- **Work order**
Your answer should consist solely of the lines from the one holding "Tasse im Yoga-Aquarell-Design Kaffemugg" through the final line of the entries, reproduced exactly and without pictures.

Scraped caption text data:
####
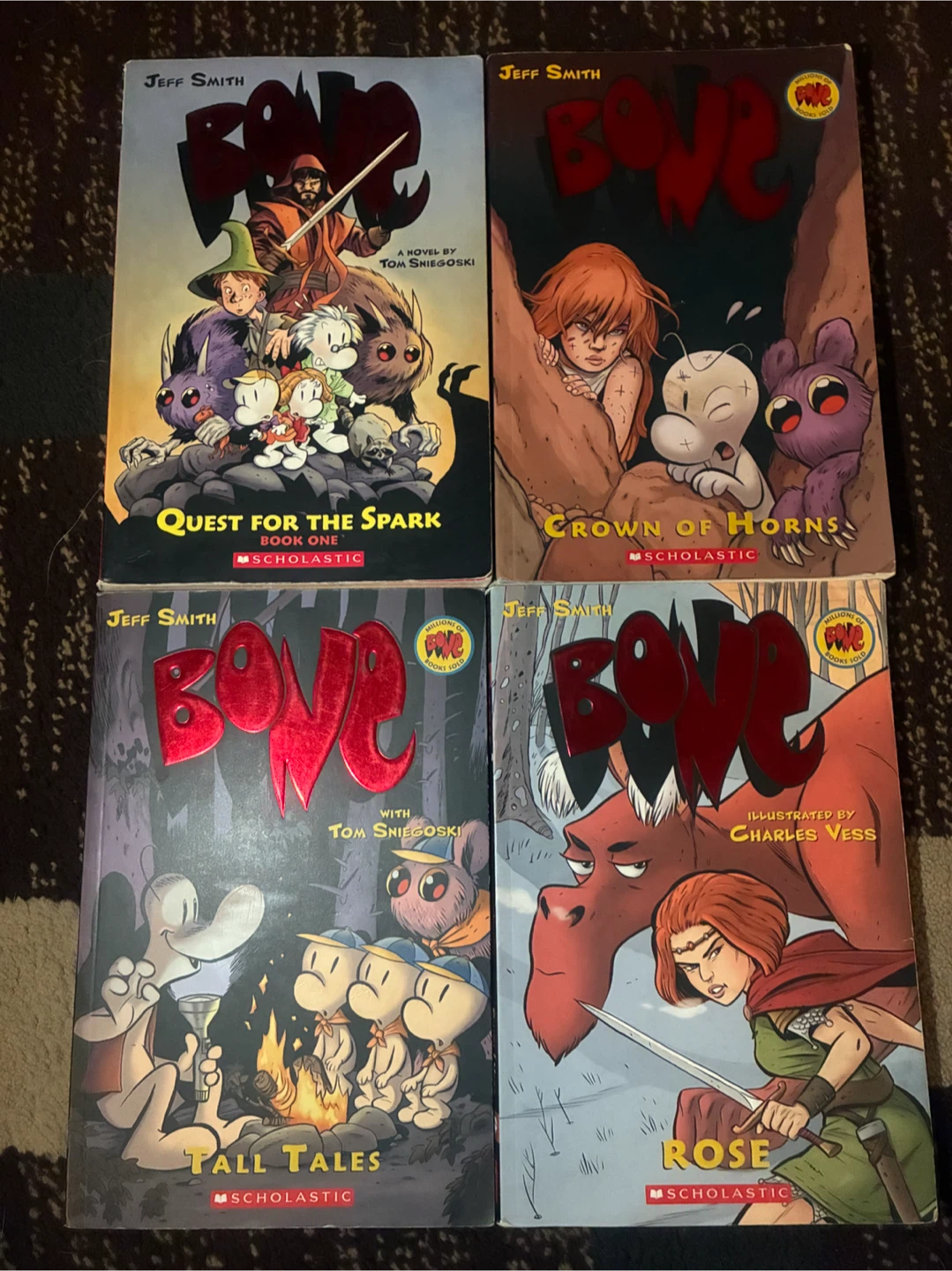 Jeff Smith BONE Graphic Novels (Set of 4)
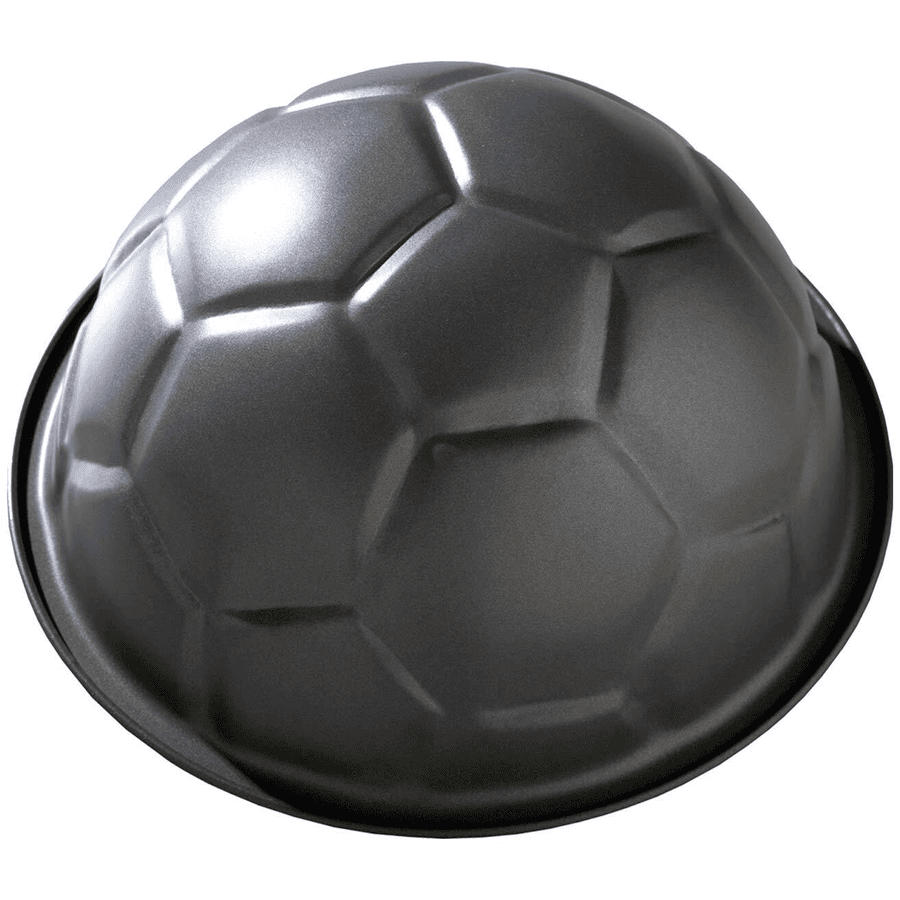 RBV Birkmann Motivbackform Fussball Ø 22,5 cm grau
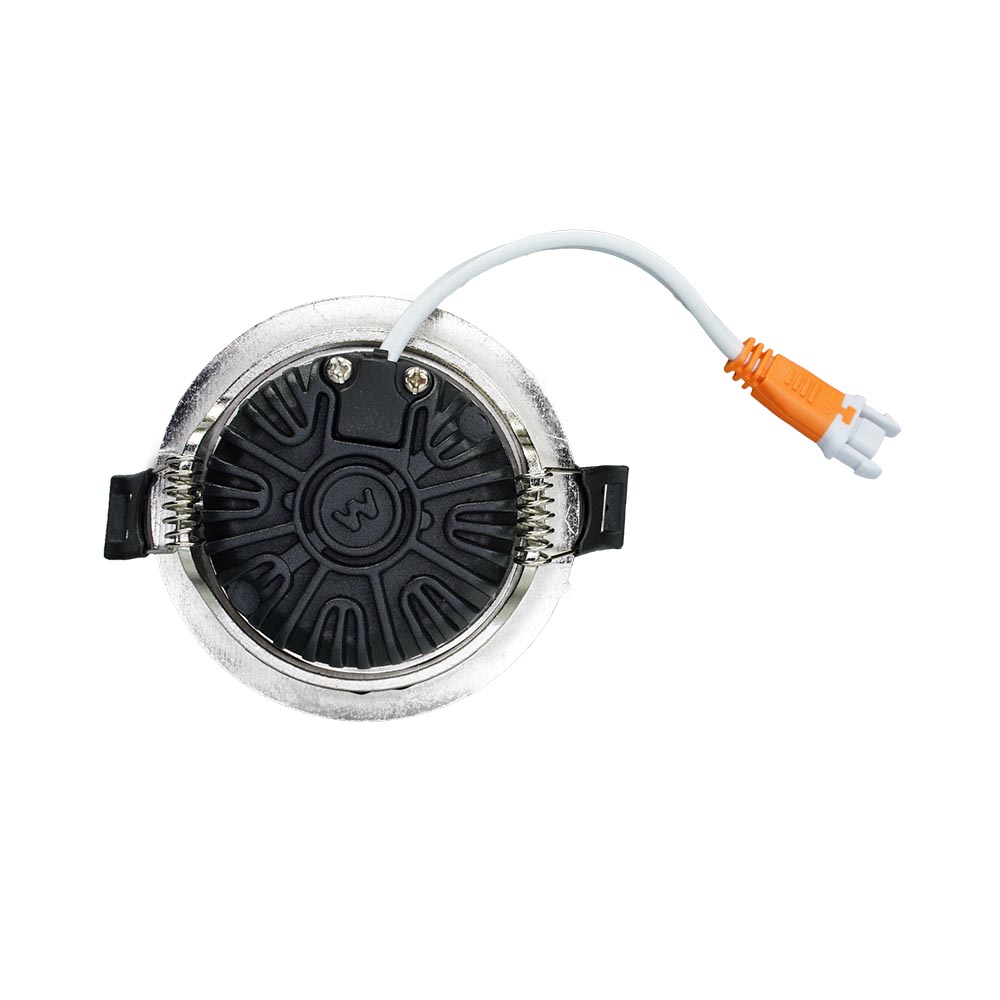 LED Republic waterdichte inbouwspot rond aluminium 5W 450lm 2700K IP65 zaagmaat Ø75mm - diameter 85mm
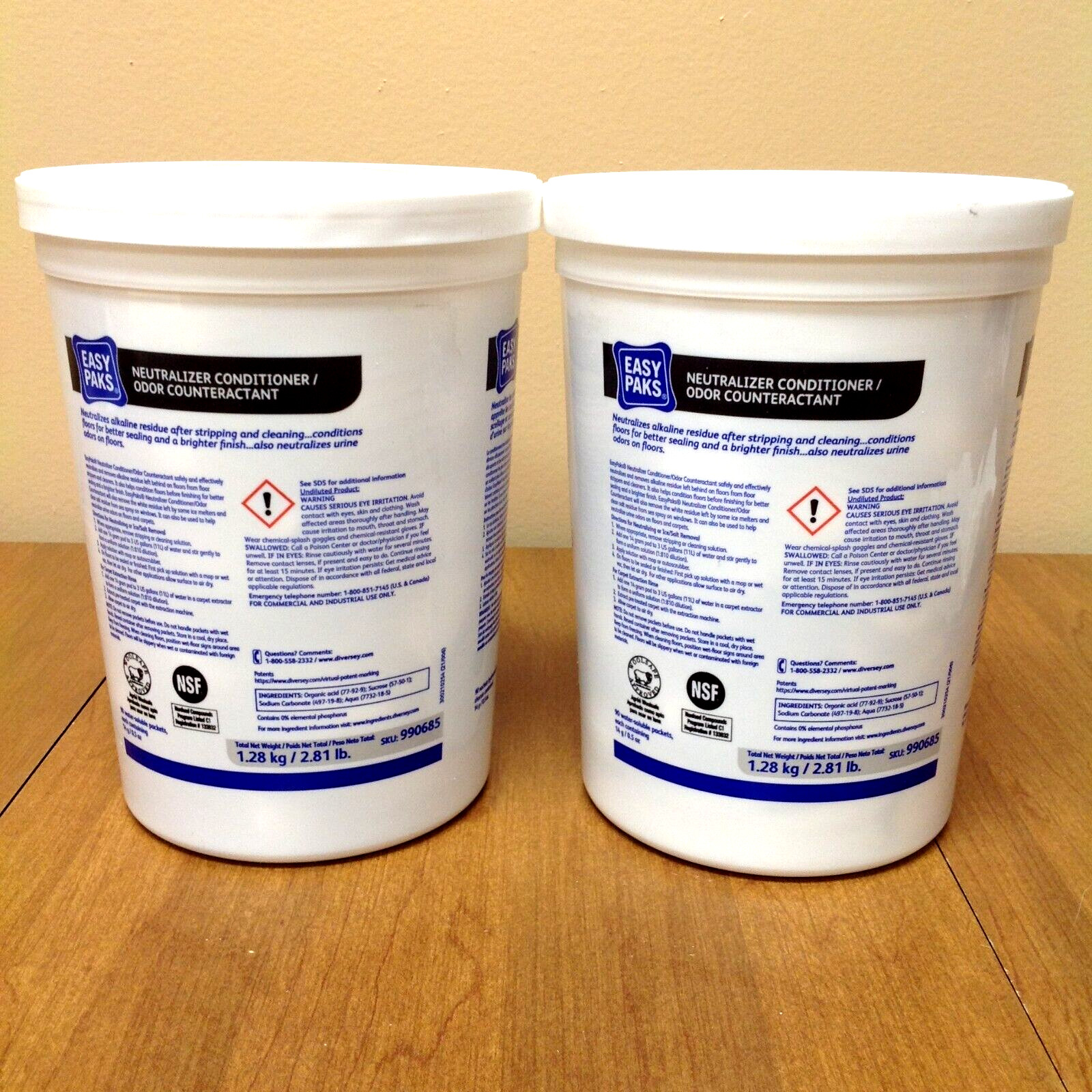 180 (2-90 Packs) Diversey Easy Paks Neutralizer Conditioner/Odor Counteractant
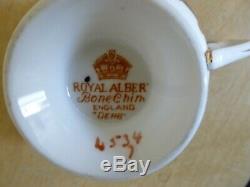 Ensemble De Café Vintage Royal Albert Derby / Heirloom Comprenant Une Cafetière 4534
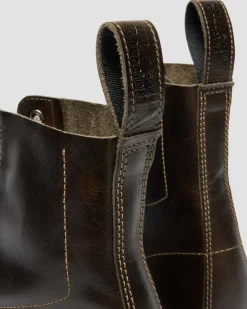 Boots 1460 en cuir Classic Calf in Gris Sépia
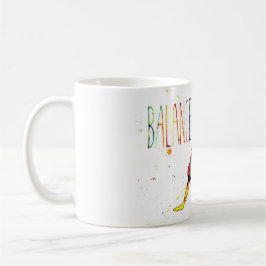 Tasse im Yoga-Aquarell-Design Kaffemugg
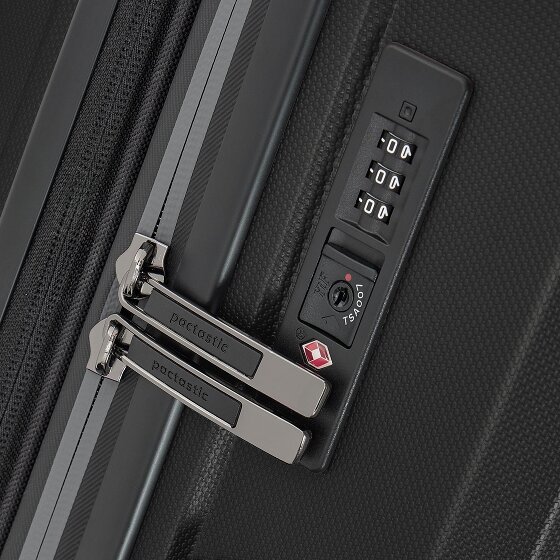 Pactastic Collection 01 4 Rollen Kabinentrolley S 55 cm mit Dehnfalte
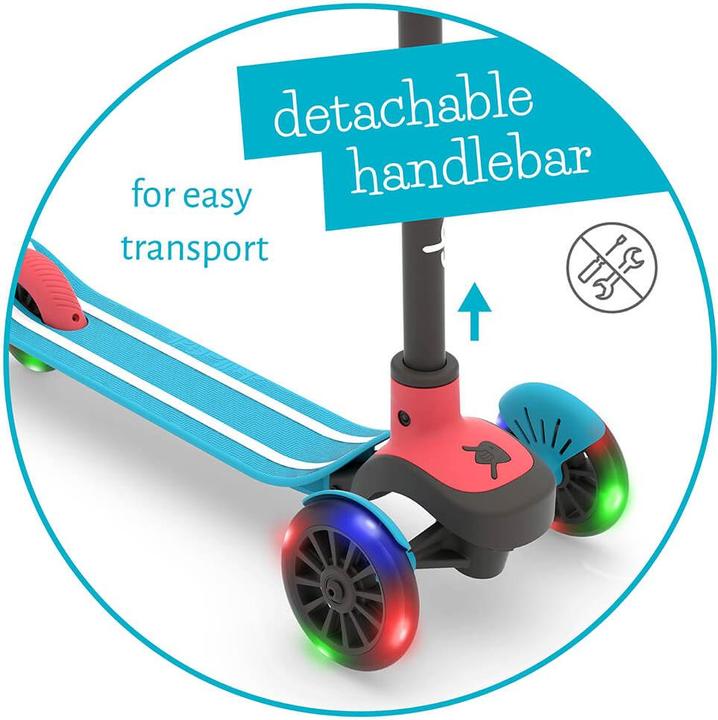 Produktbild Chillafish Scotti GLOW 3-Rad Scooter mit Bremse und LED Lichter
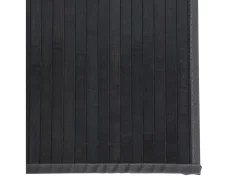Alfombra rectangular bambú gris 70x1000 cm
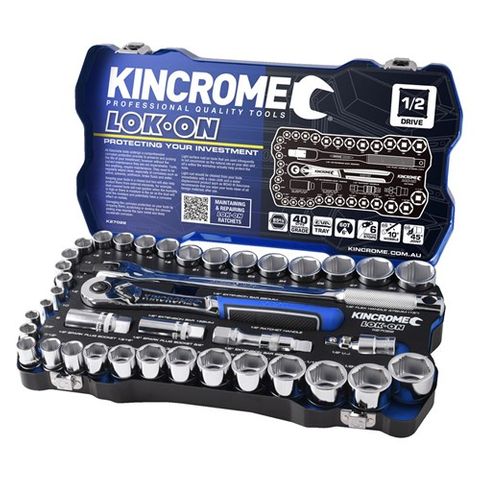 Kincrome - Lok-On Socket Set 41 Piece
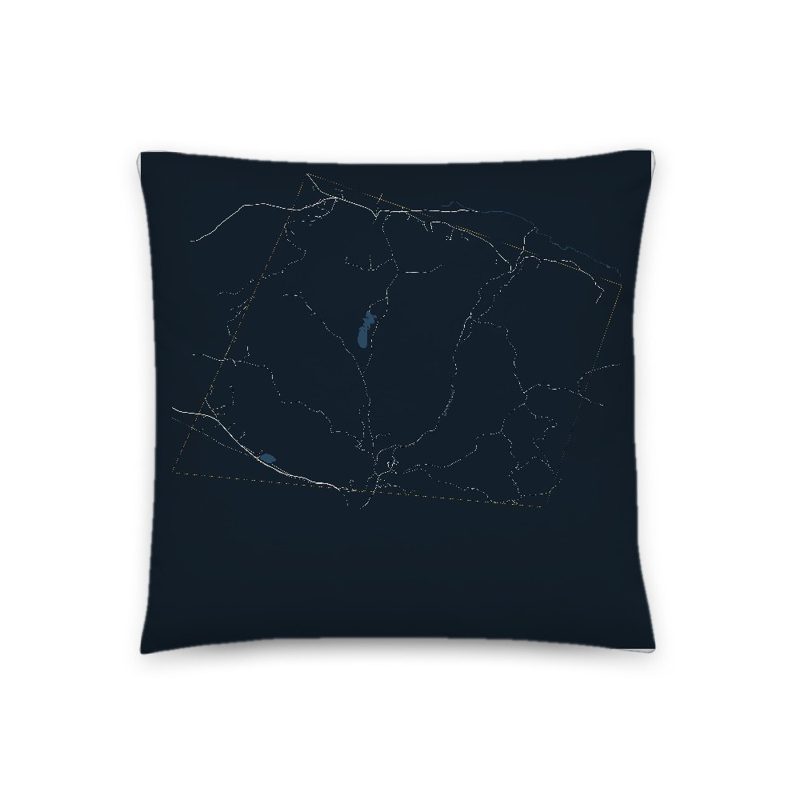 Benton Map Throw Pillow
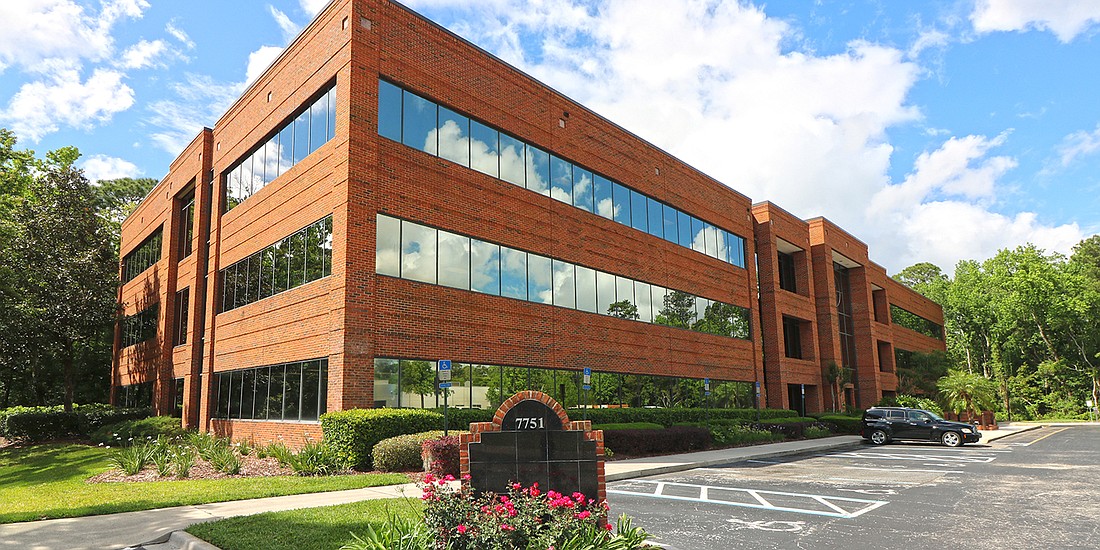 The three-story office building at 7751 Belfort Parkway sold for $6.1 million.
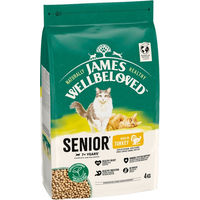Produktbild von James Wellbeloved Senior Katzenfutter Truthahn und Reis Hypoallergen 3 x 4 kg - 3 x 4 kg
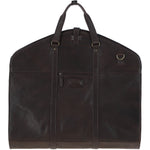 Mens Leather Suit Carrier Brown: Savile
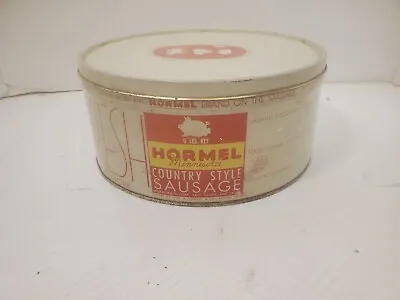 Vintage Hormel Minnesota Country Style Sausage Tin Austin 5 Pound Size  • $14.99
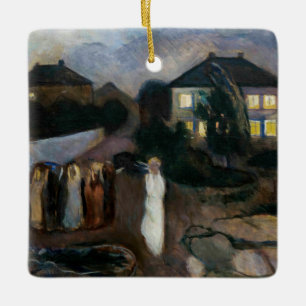 Edvard Munch - The Storm Ceramic Ornament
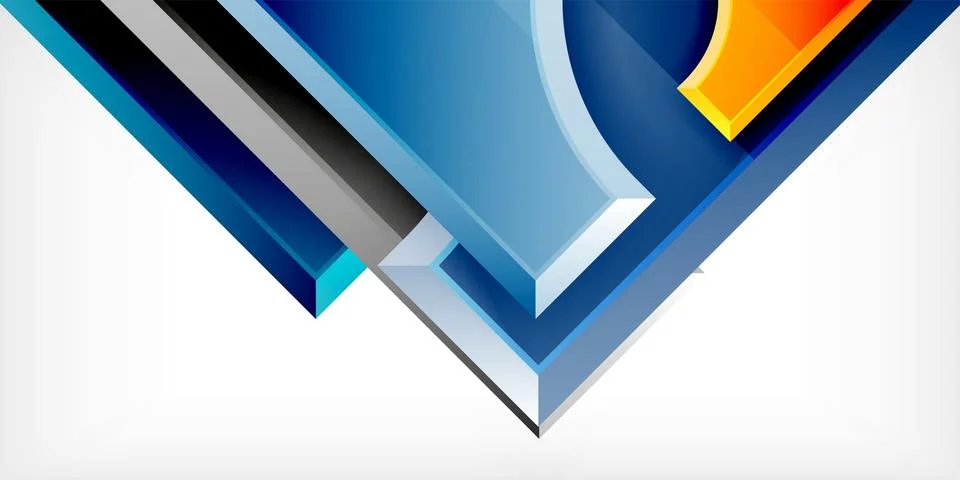 Square, arrow shapes with round elements Vector Illustration For Wallpaper Illustrazione stock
####
- **Written answer**
 Tasse im Yoga-Aquarell-Design Kaffemugg
 Pactastic Collection 01 4 Rollen Kabinentrolley S 55 cm mit Dehnfalte
 Produktbild Chillafish Scotti GLOW 3-Rad Scooter mit Bremse und LED Lichter
Alfombra rectangular bambú gris 70x1000 cm
 Kincrome - Lok-On Socket Set 41 Piece
 Benton Map Throw Pillow
 The three-story office building at 7751 Belfort Parkway sold for $6.1 million.
Produktbild von James Wellbeloved Senior Katzenfutter Truthahn und Reis Hypoallergen 3 x 4 kg - 3 x 4 kg
 Mens Leather Suit Carrier Brown: Savile
 Vintage Hormel Minnesota Country Style Sausage Tin Austin 5 Pound Size  • $14.99
 Edvard Munch - The Storm Ceramic Ornament
 Square, arrow shapes with round elements Vector Illustration For Wallpaper Illustrazione stock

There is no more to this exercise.